Mr Dastis said Spain’s main focus was protecting the livelihoods of people who crossed the border daily for work.

And he repeated earlier statements that even though Spain would not renounce its sovereignty aspirations over the Rock, it would not make them a central issue in the Brexit negotiations.

“We are being extremely flexible and constructive with one principal objective in mind, and that is protecting the livelihoods and jobs – at the very least – of those workers who cross the fence daily to work..,” he said.

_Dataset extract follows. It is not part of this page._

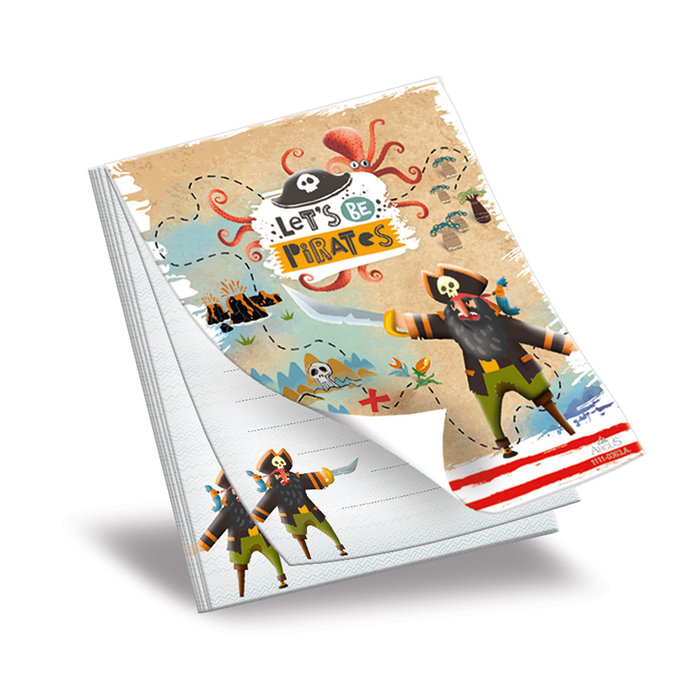 1111-0363 Trhací zápisník 9x12cm Let’s be Pirates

“Our concern is the citizens and that is why we’re trying to reach an agreement that at least maintains their current circumstances and the general economic situation in Gibraltar and the Campo and, if possible, improves it.”

On Spain’s sovereignty aspiration, he added: “That is an objective that we are not renouncing, but it is not something that we are going to table in this specific circumstance or within the framework of this negotiation.”

“That in itself demonstrates the extremely constructive focus that we are taking.”

Mr Dastis was asked by journalists on the progress of the discussions on Gibraltar and said he was hopeful of reaching agreement before October, when the Brexit deal is due to be signed.

“How close are we to that agreement?” he said.

“We’re working on it. We’re working on it.”